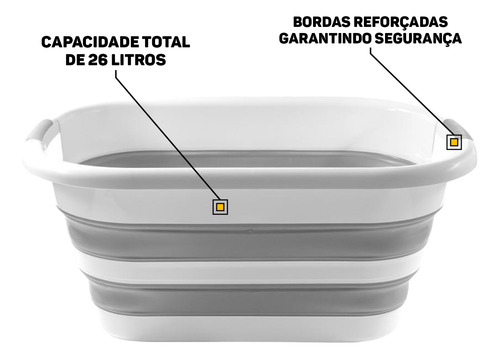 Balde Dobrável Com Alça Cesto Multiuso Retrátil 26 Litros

* * *

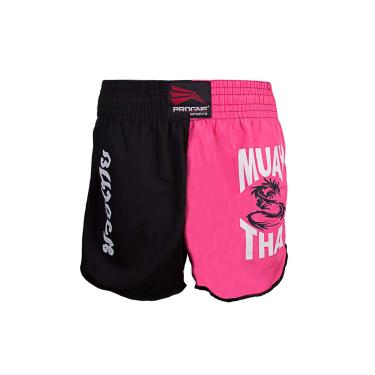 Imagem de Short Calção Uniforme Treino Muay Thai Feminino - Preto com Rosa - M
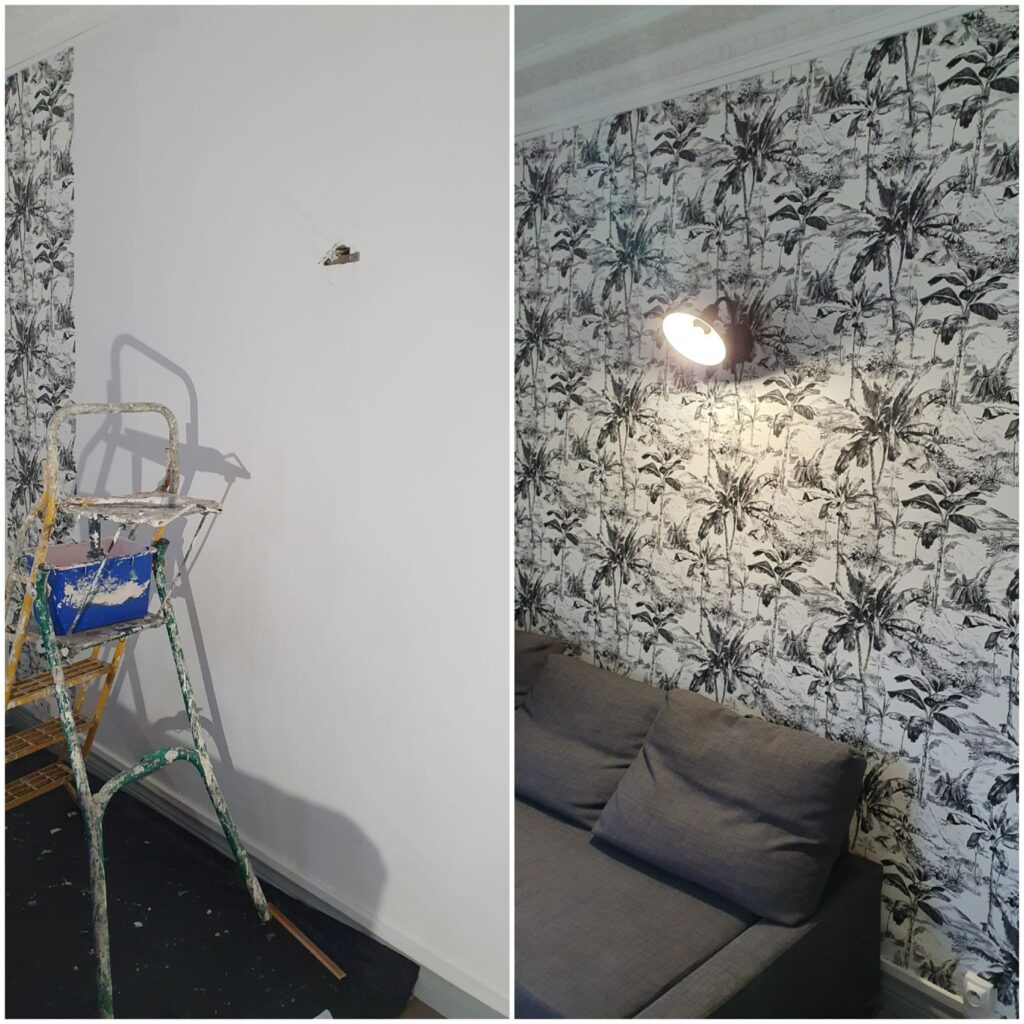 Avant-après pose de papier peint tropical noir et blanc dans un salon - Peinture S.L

### Work to be completed:
Whatever pictures the records hold, omit them; give again exactly the lines from the one containing "Imagem de Short" through the one containing "Avant-après pose de".

### Response below:
 Imagem de Short Calção Uniforme Treino Muay Thai Feminino - Preto com Rosa - M
 Avant-après pose de papier peint tropical noir et blanc dans un salon - Peinture S.L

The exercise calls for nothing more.